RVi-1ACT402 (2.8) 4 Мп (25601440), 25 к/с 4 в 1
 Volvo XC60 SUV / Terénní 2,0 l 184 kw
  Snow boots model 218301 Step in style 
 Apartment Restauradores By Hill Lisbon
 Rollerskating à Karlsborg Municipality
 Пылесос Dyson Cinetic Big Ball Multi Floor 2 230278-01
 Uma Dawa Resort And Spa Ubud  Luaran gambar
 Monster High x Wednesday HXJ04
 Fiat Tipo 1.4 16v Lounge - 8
▬▬▬▬▬▬
WHAT YOU WILL DO:
Exactly the lines from the one containing "Snow boots model 218301 Step in style" through the last line of the material above are to be returned, with nothing else.

SOLVED EXERCISE:
  Snow boots model 218301 Step in style 
 Apartment Restauradores By Hill Lisbon
 Rollerskating à Karlsborg Municipality
 Пылесос Dyson Cinetic Big Ball Multi Floor 2 230278-01
 Uma Dawa Resort And Spa Ubud  Luaran gambar
 Monster High x Wednesday HXJ04
 Fiat Tipo 1.4 16v Lounge - 8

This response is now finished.